#### Task
Below is a listing; print exactly its lines from the one containing "this 680×1024 image." down to the one containing "this 840×560 image.", both inclusive, with every picture left out.

#### Exercise data

*** Begin section ***

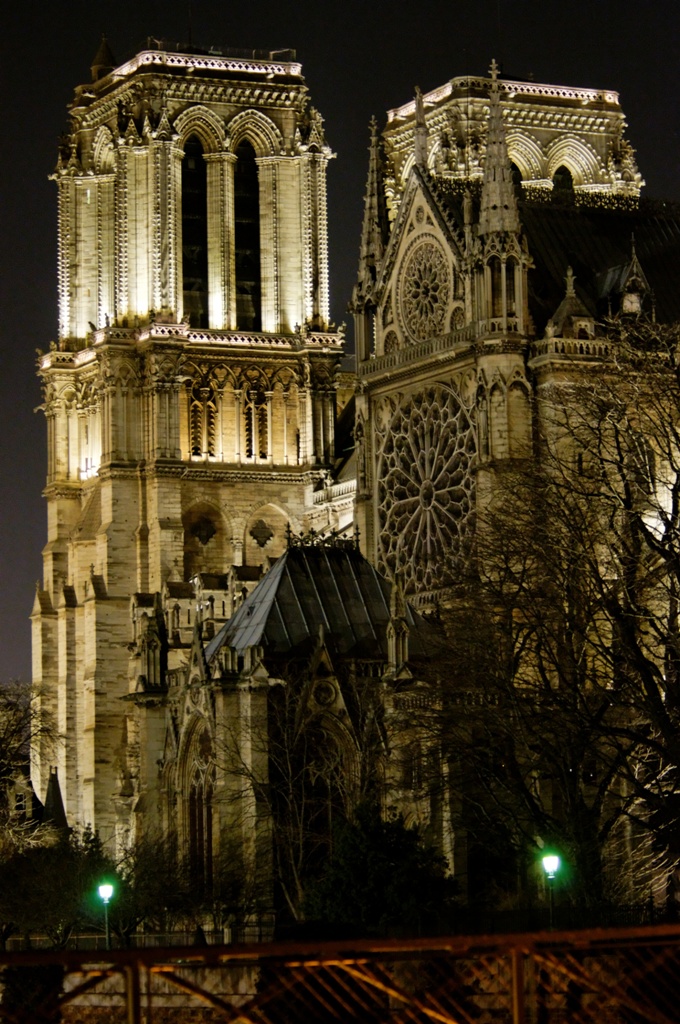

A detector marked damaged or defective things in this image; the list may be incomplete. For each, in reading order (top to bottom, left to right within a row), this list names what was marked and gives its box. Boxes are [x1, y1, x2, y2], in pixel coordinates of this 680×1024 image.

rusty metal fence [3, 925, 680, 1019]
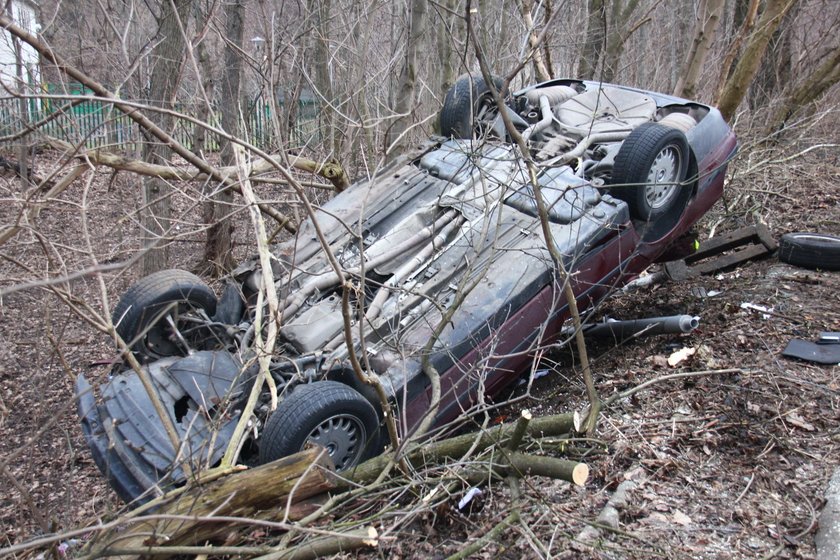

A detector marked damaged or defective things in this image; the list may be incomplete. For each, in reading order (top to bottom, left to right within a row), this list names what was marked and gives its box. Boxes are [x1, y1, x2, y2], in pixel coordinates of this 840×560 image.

*** End section ***
*** Begin section ***

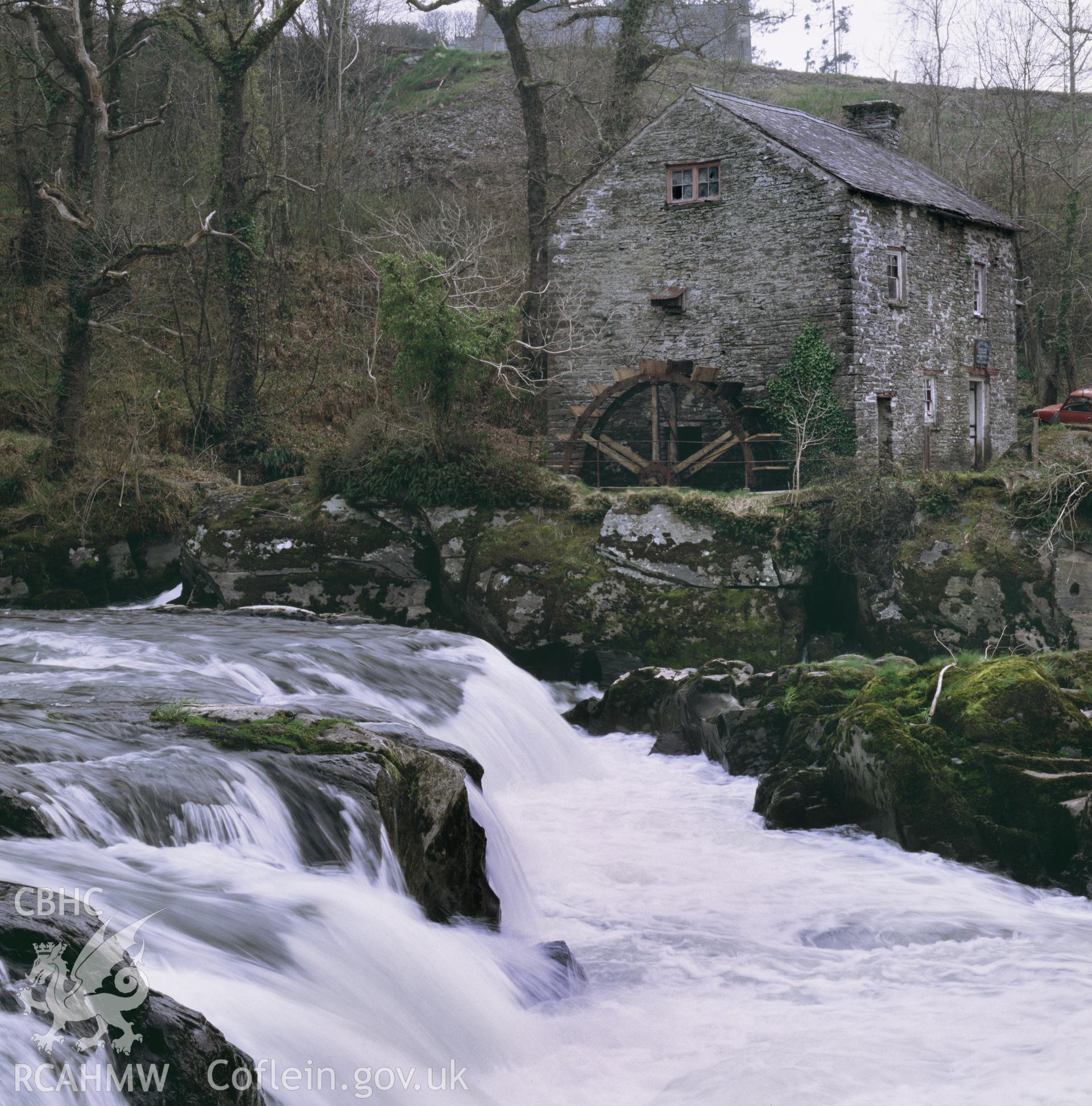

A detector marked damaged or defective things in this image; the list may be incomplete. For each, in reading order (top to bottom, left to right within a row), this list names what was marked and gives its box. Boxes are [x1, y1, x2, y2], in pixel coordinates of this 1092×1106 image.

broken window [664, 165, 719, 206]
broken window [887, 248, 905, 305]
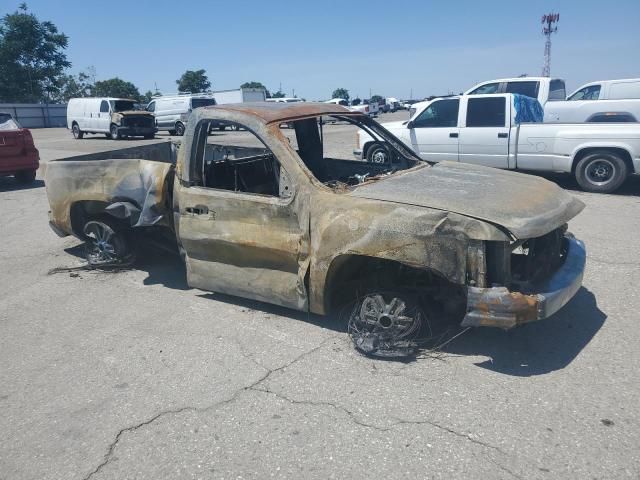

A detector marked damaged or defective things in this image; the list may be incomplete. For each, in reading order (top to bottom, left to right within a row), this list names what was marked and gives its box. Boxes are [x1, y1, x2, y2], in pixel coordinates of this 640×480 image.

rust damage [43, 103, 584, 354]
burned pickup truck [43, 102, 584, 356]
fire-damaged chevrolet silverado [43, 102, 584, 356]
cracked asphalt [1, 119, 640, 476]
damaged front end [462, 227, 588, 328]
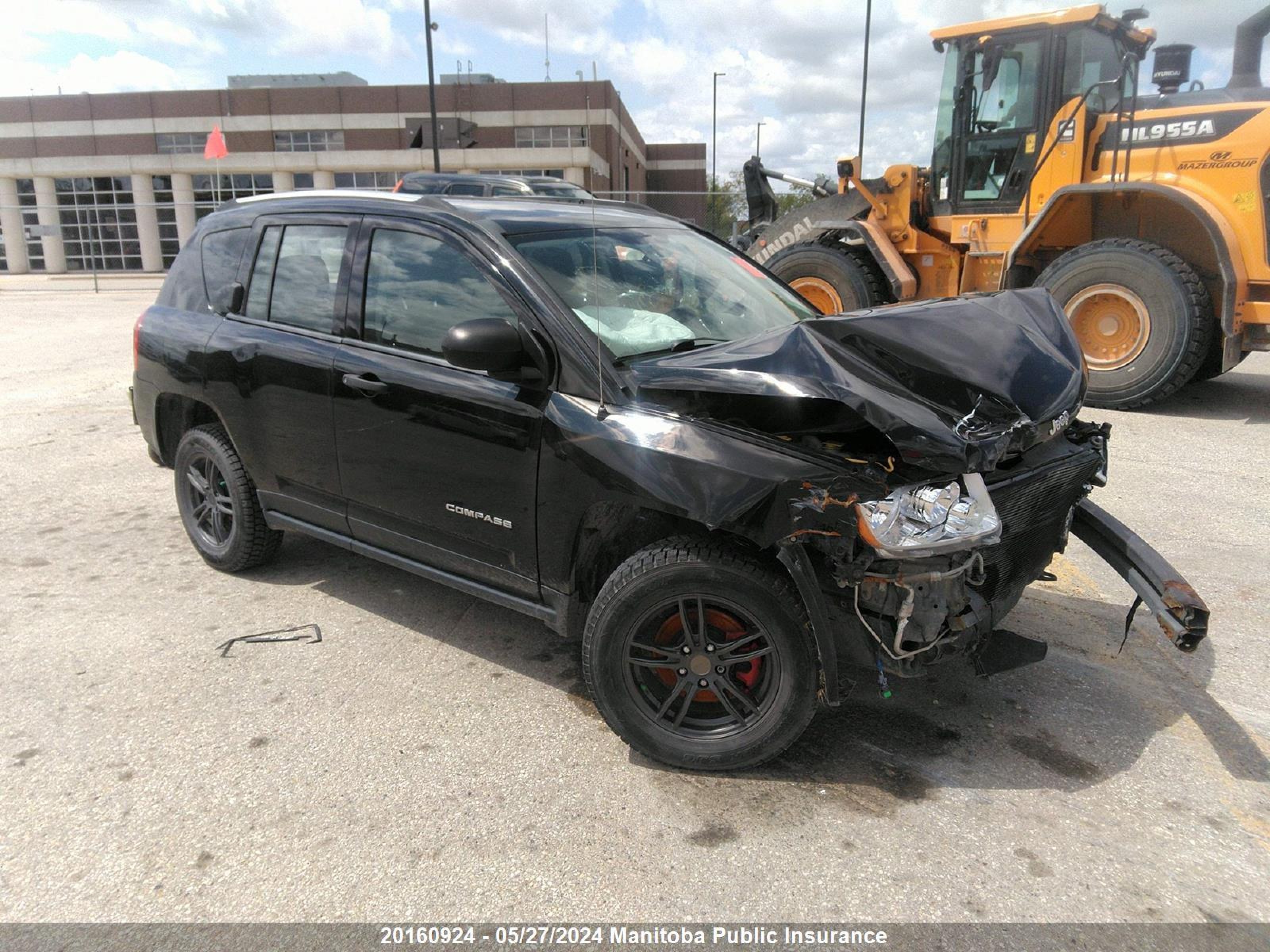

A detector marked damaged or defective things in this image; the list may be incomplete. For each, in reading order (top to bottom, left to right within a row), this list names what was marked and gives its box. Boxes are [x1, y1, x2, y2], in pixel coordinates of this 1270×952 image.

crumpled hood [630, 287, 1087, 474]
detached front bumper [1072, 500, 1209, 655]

*** End section ***

#### Solution to this exercise
A detector marked damaged or defective things in this image; the list may be incomplete. For each, in reading order (top to bottom, left to right within a row), this list names what was marked and gives its box. Boxes are [x1, y1, x2, y2], in pixel coordinates of this 680×1024 image.

rusty metal fence [3, 925, 680, 1019]

A detector marked damaged or defective things in this image; the list may be incomplete. For each, in reading order (top to bottom, left to right within a row), this list names what was marked and gives its box. Boxes are [x1, y1, x2, y2], in pixel coordinates of this 840×560 image.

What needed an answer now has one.